> TASK DETAILS:
Write the data out again exactly, dropping any images it holds.

_ _ _

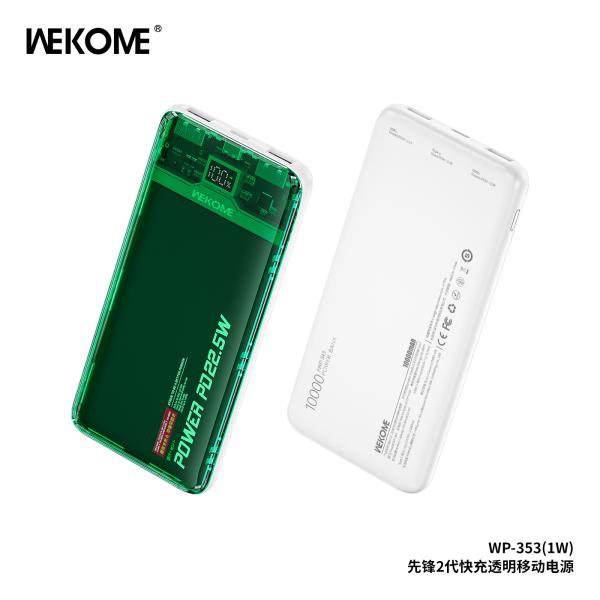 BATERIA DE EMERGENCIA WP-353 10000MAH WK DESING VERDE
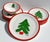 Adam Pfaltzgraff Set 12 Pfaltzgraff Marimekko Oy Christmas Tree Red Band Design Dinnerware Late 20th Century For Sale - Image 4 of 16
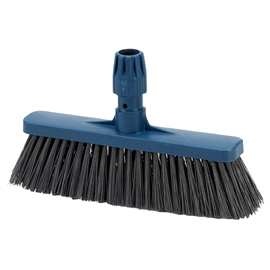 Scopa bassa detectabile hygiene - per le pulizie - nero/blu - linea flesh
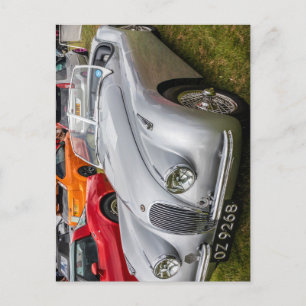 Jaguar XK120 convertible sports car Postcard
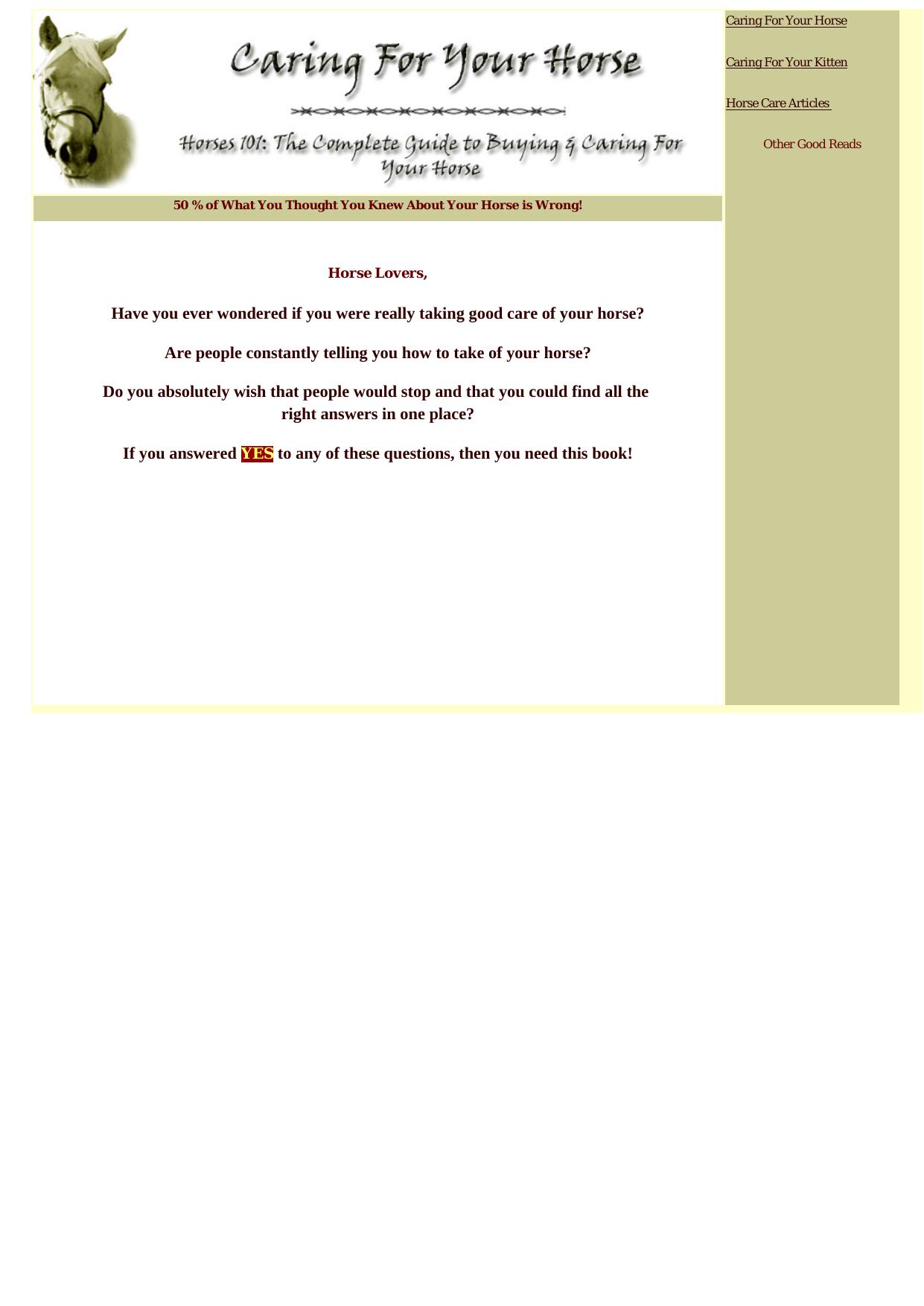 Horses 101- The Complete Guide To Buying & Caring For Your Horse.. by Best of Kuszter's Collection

_ _ _

> ANSWER:
 BATERIA DE EMERGENCIA WP-353 10000MAH WK DESING VERDE
 Adam Pfaltzgraff Set 12 Pfaltzgraff Marimekko Oy Christmas Tree Red Band Design Dinnerware Late 20th Century For Sale - Image 4 of 16
 Scopa bassa detectabile hygiene - per le pulizie - nero/blu - linea flesh
 Jaguar XK120 convertible sports car Postcard
 Horses 101- The Complete Guide To Buying & Caring For Your Horse.. by Best of Kuszter's Collection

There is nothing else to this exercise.